How to have a clean air home
(1) Minimise your use of cleaning products.
Many cleaning products contain harmful chemicals and natural cleaning options can be just as effective if not more so. Vinegar, bicarbonate of soda, steam mops and hot water can all help keep the home clean. Vinegar is an excellent all rounder for cleaning and if you don’t like the smell you can easily and naturally add scent to it by infusing it with herbs or citrus peel.
(2) Get some house plants
House plants are not just an attractive addition to your home, they also help naturally purify the air. Plants such as the Peace Lily and Boston Fern help make the atmosphere in your house cleaner by a process known as phytoremediation. They remove pollutants from the air by absorbing gases through their leaves and then these gases are processed by the microorganisms that live in the soil.
(3) Invest in an eco-design ready wood burner
There’s been a lot of concern about wood burners recently but as an article in the Ecologist pointed out “The problem with the recent reports is that they lump together all domestic solid fuels and all types of appliances”
Wood burning stoves such as the Morso range which are manufactured in Denmark and meet stringent Scandinavian emissions are incredibly efficient and produce very little emissions. You should also ensure clean your flue regularly and only burn the driest wood. Burning wood
(4) Ensure your home is well ventilated
When having new windows fitted it’s understandable to want to shut out draughts and the cold, but an entirely airtight home is bad news for air quality. Trickle vents which allow fresh air into your home, are a great solution for condensation and moisture build up. They can be specified at the time of fitting or can be retro fitted by a keen DIYer or alternatively make sure you open windows every day to allow some fresh air inside your home.
(5) Buy unscented candles
It’s thought 81% of people in the UK regularly use scented candles or reed diffusers and manufacturers will soon be required to introduce a labelling scheme to warn consumers about the harmful effects of the worst offending products. Natural wax candles that contain soy or beeswax are the best for health.
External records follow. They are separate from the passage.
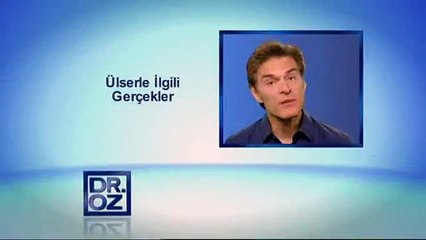 Eyvah Ülser Hastasıyım! - Fragman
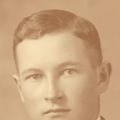 Carl Theodore Adolphus Holm (1907 - 1997) Profile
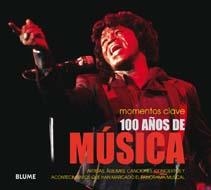 100 AÑOS DE MÚSICA | 9788480768467 | EGAN, SEAN | Llibreria Online de Banyoles | Comprar llibres en català i castellà online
(6) Use cosmetics in well-ventilated areas
If you are using hairspray, nail polish remover or perfume it’s wise to apply it in an area that is well ventilated. According to one report the levels of volatile organic compounds in consumer products is now equal to that of motor vehicles and the invisible pollutants from cosmetics end up in the air we breathe in our homes.
(7) Clean your air vents
Bathroom and kitchen extractor fans build up dust and dirt over time and when they are used these particles are recirculated in the home. Make sure you don;’t miss them out from your cleaning routine just because the dirt is hidden from view.